> _GOAL OF THE EXERCISE_: Please write out each entry exactly as it appears.

*** GIVEN DATA Section Begins ***

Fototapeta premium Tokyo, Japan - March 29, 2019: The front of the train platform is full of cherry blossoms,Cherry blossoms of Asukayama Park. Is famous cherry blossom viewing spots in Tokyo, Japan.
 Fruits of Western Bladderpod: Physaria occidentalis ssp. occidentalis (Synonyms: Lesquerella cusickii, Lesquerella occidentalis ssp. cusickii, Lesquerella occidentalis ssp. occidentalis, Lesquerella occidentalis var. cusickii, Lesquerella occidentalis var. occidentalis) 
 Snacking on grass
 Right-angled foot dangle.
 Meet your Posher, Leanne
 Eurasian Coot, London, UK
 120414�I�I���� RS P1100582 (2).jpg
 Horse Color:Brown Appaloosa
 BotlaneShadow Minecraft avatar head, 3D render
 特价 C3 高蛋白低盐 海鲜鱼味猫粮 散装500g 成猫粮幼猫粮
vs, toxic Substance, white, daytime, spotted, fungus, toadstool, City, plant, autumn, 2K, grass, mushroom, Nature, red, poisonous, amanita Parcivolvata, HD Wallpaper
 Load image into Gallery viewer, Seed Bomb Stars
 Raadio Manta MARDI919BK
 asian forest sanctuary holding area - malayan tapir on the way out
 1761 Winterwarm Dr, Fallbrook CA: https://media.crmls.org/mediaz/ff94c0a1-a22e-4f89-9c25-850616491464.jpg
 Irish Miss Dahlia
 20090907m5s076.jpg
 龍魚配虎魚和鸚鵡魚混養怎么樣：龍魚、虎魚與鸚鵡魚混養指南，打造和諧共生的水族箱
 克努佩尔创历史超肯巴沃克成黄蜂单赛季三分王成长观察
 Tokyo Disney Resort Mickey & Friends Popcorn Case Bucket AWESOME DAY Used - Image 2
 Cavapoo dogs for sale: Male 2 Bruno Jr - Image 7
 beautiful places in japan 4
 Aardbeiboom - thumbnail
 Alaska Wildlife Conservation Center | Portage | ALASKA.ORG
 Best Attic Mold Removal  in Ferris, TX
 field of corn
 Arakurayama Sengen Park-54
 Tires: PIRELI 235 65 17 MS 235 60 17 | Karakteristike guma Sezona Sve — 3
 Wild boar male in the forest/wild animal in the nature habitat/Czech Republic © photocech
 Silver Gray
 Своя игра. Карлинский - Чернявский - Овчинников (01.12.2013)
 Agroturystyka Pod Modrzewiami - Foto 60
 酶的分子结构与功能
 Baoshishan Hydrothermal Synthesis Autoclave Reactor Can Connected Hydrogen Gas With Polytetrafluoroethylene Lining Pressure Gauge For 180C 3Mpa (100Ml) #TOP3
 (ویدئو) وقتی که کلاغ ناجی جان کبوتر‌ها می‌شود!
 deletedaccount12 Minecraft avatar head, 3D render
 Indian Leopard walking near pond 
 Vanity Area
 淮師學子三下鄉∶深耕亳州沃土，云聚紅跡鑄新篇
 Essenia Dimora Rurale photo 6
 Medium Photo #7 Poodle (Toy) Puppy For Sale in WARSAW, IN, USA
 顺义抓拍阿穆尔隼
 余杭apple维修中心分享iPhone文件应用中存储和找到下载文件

*** GIVEN DATA Section Ends ***

> _TASK SOLUTION_:
Fototapeta premium Tokyo, Japan - March 29, 2019: The front of the train platform is full of cherry blossoms,Cherry blossoms of Asukayama Park. Is famous cherry blossom viewing spots in Tokyo, Japan.
 Fruits of Western Bladderpod: Physaria occidentalis ssp. occidentalis (Synonyms: Lesquerella cusickii, Lesquerella occidentalis ssp. cusickii, Lesquerella occidentalis ssp. occidentalis, Lesquerella occidentalis var. cusickii, Lesquerella occidentalis var. occidentalis) 
 Snacking on grass
 Right-angled foot dangle.
 Meet your Posher, Leanne
 Eurasian Coot, London, UK
 120414�I�I���� RS P1100582 (2).jpg
 Horse Color:Brown Appaloosa
 BotlaneShadow Minecraft avatar head, 3D render
 特价 C3 高蛋白低盐 海鲜鱼味猫粮 散装500g 成猫粮幼猫粮
vs, toxic Substance, white, daytime, spotted, fungus, toadstool, City, plant, autumn, 2K, grass, mushroom, Nature, red, poisonous, amanita Parcivolvata, HD Wallpaper
 Load image into Gallery viewer, Seed Bomb Stars
 Raadio Manta MARDI919BK
 asian forest sanctuary holding area - malayan tapir on the way out
 1761 Winterwarm Dr, Fallbrook CA: https://media.crmls.org/mediaz/ff94c0a1-a22e-4f89-9c25-850616491464.jpg
 Irish Miss Dahlia
 20090907m5s076.jpg
 龍魚配虎魚和鸚鵡魚混養怎么樣：龍魚、虎魚與鸚鵡魚混養指南，打造和諧共生的水族箱
 克努佩尔创历史超肯巴沃克成黄蜂单赛季三分王成长观察
 Tokyo Disney Resort Mickey & Friends Popcorn Case Bucket AWESOME DAY Used - Image 2
 Cavapoo dogs for sale: Male 2 Bruno Jr - Image 7
 beautiful places in japan 4
 Aardbeiboom - thumbnail
 Alaska Wildlife Conservation Center | Portage | ALASKA.ORG
 Best Attic Mold Removal  in Ferris, TX
 field of corn
 Arakurayama Sengen Park-54
 Tires: PIRELI 235 65 17 MS 235 60 17 | Karakteristike guma Sezona Sve — 3
 Wild boar male in the forest/wild animal in the nature habitat/Czech Republic © photocech
 Silver Gray
 Своя игра. Карлинский - Чернявский - Овчинников (01.12.2013)
 Agroturystyka Pod Modrzewiami - Foto 60
 酶的分子结构与功能
 Baoshishan Hydrothermal Synthesis Autoclave Reactor Can Connected Hydrogen Gas With Polytetrafluoroethylene Lining Pressure Gauge For 180C 3Mpa (100Ml) #TOP3
 (ویدئو) وقتی که کلاغ ناجی جان کبوتر‌ها می‌شود!
 deletedaccount12 Minecraft avatar head, 3D render
 Indian Leopard walking near pond 
 Vanity Area
 淮師學子三下鄉∶深耕亳州沃土，云聚紅跡鑄新篇
 Essenia Dimora Rurale photo 6
 Medium Photo #7 Poodle (Toy) Puppy For Sale in WARSAW, IN, USA
 顺义抓拍阿穆尔隼
 余杭apple维修中心分享iPhone文件应用中存储和找到下载文件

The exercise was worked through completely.